Pourtant, quand vient l’heure de s’extasier, voilà que je me retrouve embêté. Embêté par ce déséquilibre dont
Krüller ne se dépêtre jamais, alternant entre moments enivrants, riches de la personnalité de leur créateur à l’esthétique brutaliste et sensible, et instants aussi formellement bien faits que… plats. « Drone Carrying Dread » et le morceau-titre sont de parfaites introduction et conclusion, explosions de sentiments et peintures d’un décor mélancolique et dominateur ? « Incinerator » et « Maiden Star » frôlent l’écœurement avec leur accumulation de lignes mélodiques, pâmoison et glycémie, des titres excessifs pour qui ne goûte ni Deftones, ni Devin Townsend. « Centurion » et « Misery » rappellent la puissance de suggestion dont est capable Tristan Shone, cette bête surhumaine à force d’augmentations ? « Blacksmith » se révèle trop avide, passant de riffs faisant directement mouche à des déconstructions de moins en moins prenantes.

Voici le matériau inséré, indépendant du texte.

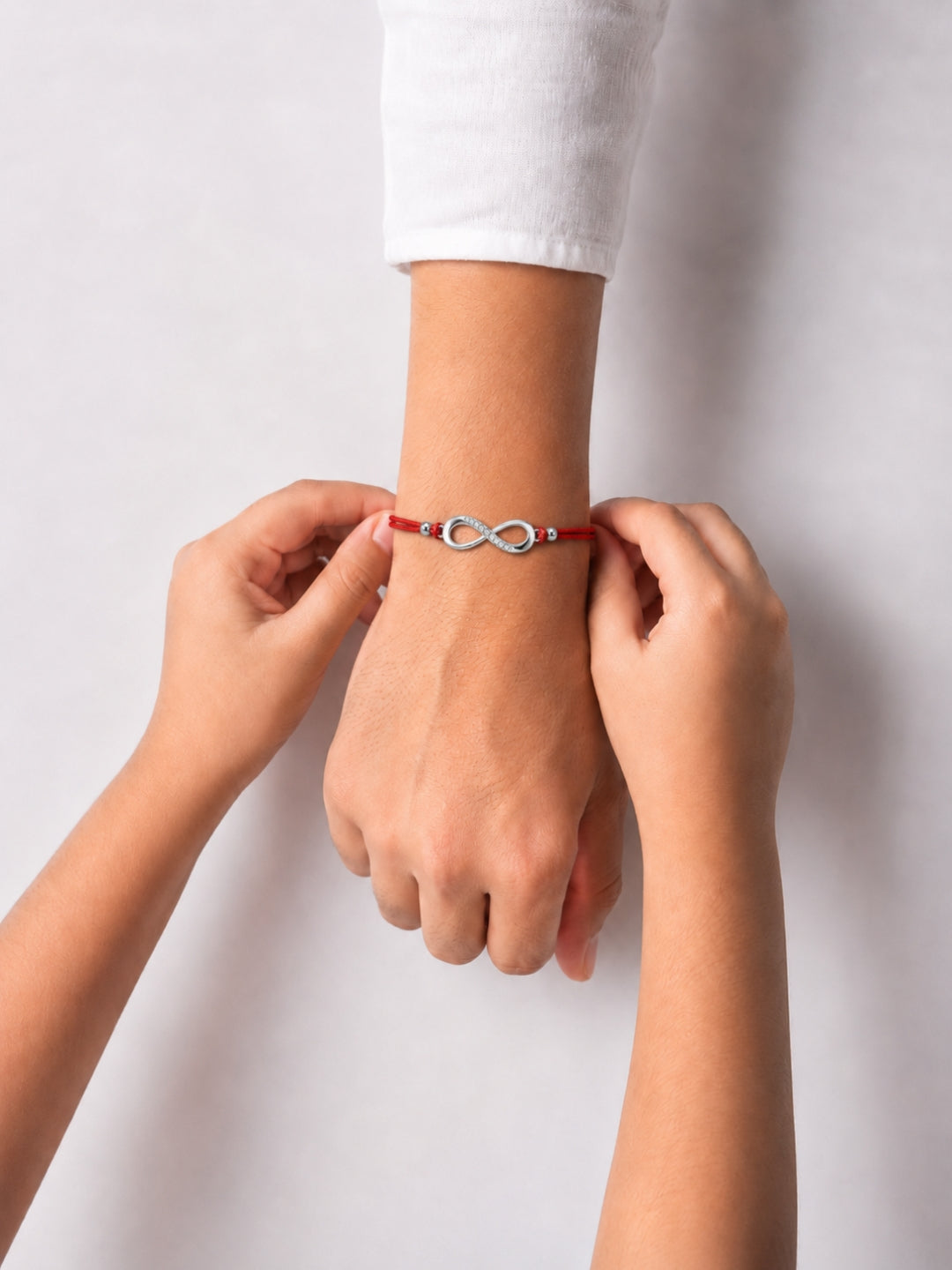 AXORA LIFE 925 Sterling Silver Heart Infinity Rakhi For Brother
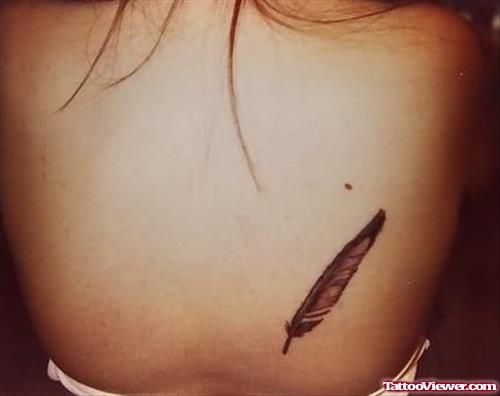 Back Body Feather Tattoo For Girls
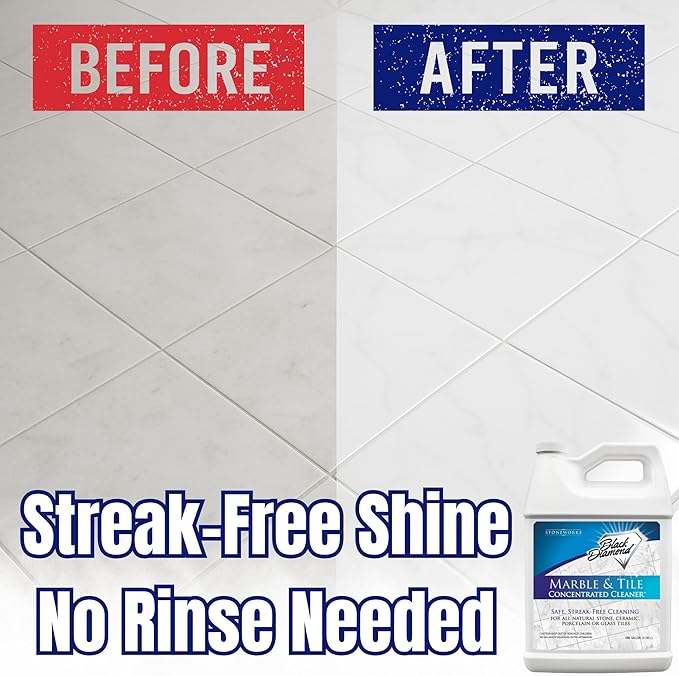Black Diamond Stoneworks Marble & Tile Cleaner Gallon + Ultimate Grout Cleaner with Brush Quart (2-Pack) – Safe for Natural Stone, Deep Grout and Tile Cleaning to Restores Shine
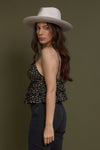 Ditsy floral ruffle camisole, in black/multi. Image 12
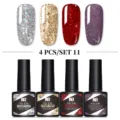 Set di 4 smalti gel UV LED soak off Née Jolie con finiture glitterate e brillanti - Set da 4 Flaconi 11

Comme au sujet d'une succession de tirs savamment coordonnés mais ne gardant pas toujours l’auditeur dans leur viseur,
Krüller est de ces œuvres où l’expression « hit and miss » prend tout son sens. Le plus bel exemple est à trouver dans « Glorybox », reprise de Portishead aussi osée que réussie, mais dont l’insertion dans cet album fait se demander si, à trop vouloir enchanter et marquer, Author & Punisher n’a pas passé au second plan la cohérence d’ensemble faisant le prix de ses œuvres antérieures (une réécoute de
Women & Children et
Melk en Honing se révèle clairement défavorable pour le ci-présent disque).
J’ai l'impression permanente d’être trop dur envers un artiste qui essaye – et parvient de nombreuses fois – de dépasser ses fondations industrielles pour emmener le genre plus loin, dessinant de nouvelles manières d’exploiter ses qualités sans les dénaturer (le propos désabusé et passionné à la fois, toujours présent). Pourtant, je ne peux m’empêcher de penser qu’une telle œuvre, aussi gorgée d’influences diverses que de collaborateurs de premier choix (des membres de Tool en invités à mettre sur le sticker collé sur la pochette), aurait pu – dû – frapper avec plus de force qu’ici.
Krüller, plus qu’en lui-même, rend curieux de la suite qui lui sera apportée, une suite que j’attends avec impatience. Ce qui, pour un projet sur lequel j’avais tiré un trait avec
Beastland, est un petit succès, bien qu’insuffisant.